Latvians take a formal approach to business.
Note however there are differences in style between older workers who maintain formality and the younger generation who willingly dispense with formality.
Shake hands with everyone at a meeting.
Maintain steady eye contact while shaking hands.
Shake hands at the beginning and end of meetings.
Titles are important. If someone does not have a professional or academic title, use the honorific titles "Kungs" to address a man and "Kundze" to address a woman.
People are generally introduced by both their first and surname.
Wait until invited before moving to a first name basis.
Business cards are exchanged after the initial introductions.
To have one side of your card translated into Latvian is a nice touch.
The Latvian Communication Style
Latvians are polite and courteous. They can be extremely reserved. They do not readily smile, especially at strangers, and are not comfortable making small talk. They often appear to have little difficulty accepting what would be considered awkward silences in other cultures. This behaviour can make them seem austere. Once a relationship has developed though, some of the veneer will disappear. Personal matters are seldom touched upon in business.

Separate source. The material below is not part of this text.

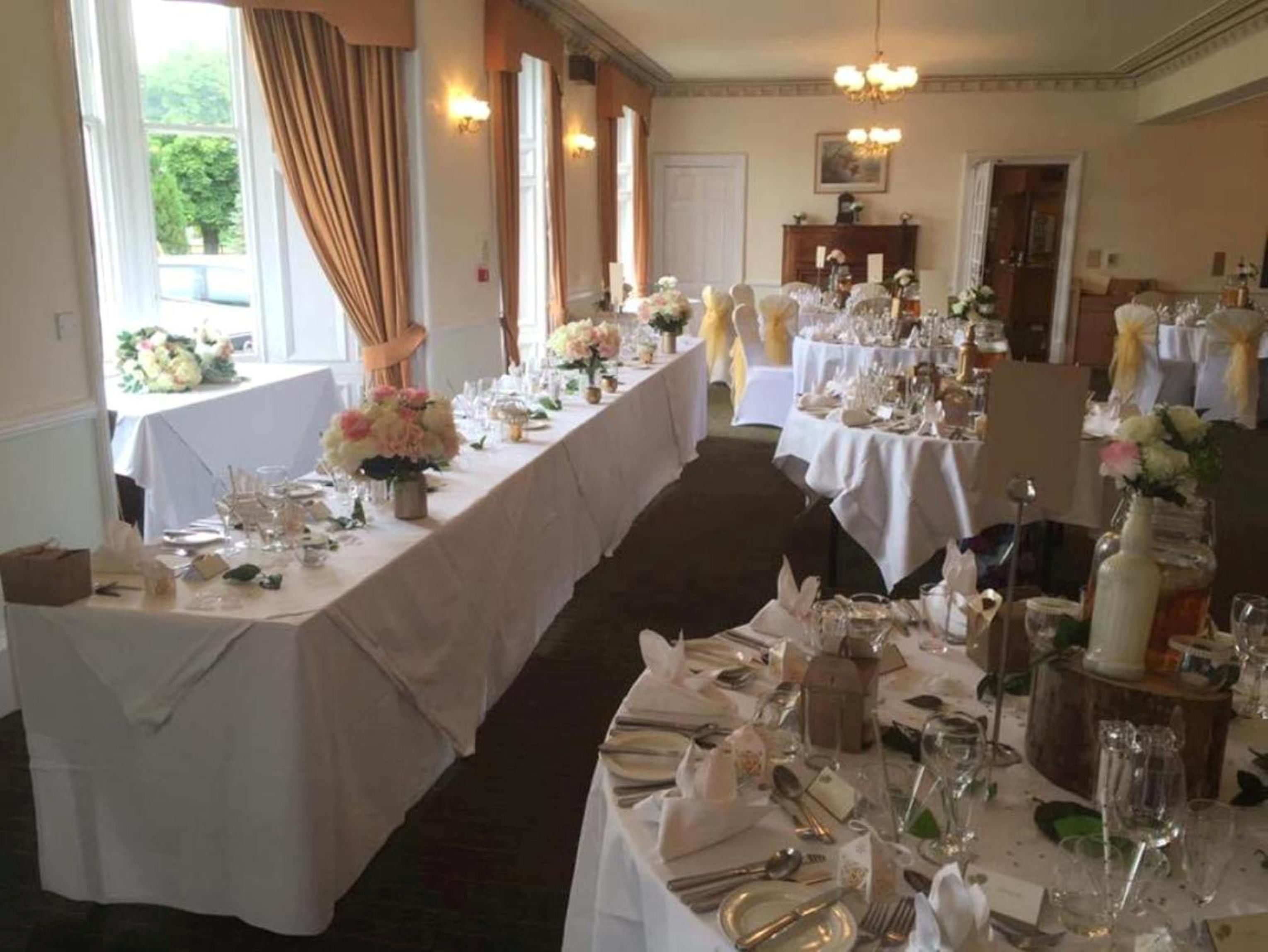 A banquet hall with long tables set for a formal event, featuring white tablecloths and floral centerpieces.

Latvians are not especially emotive speakers. If you are from a culture where hand gestures are robust, you may wish to moderate them to conform to local practices. At the same time, they can be extremely direct speakers and task focused. Soft voices are expected. If you have a booming voice, you may wish to moderate it when conducting business with Latvians.
Latvians can be direct communicators, although they often temper their words to protect the feelings of the other person. As a group, they are slow to pay compliments and may become suspicious of compliments offered too readily and without sufficient reason.
Since good manners dictates that you do not publicly embarrass another person, it is important not to criticize someone in a public venue. Even the hint that you are unhappy could cause irreparable harm to your personal relationship.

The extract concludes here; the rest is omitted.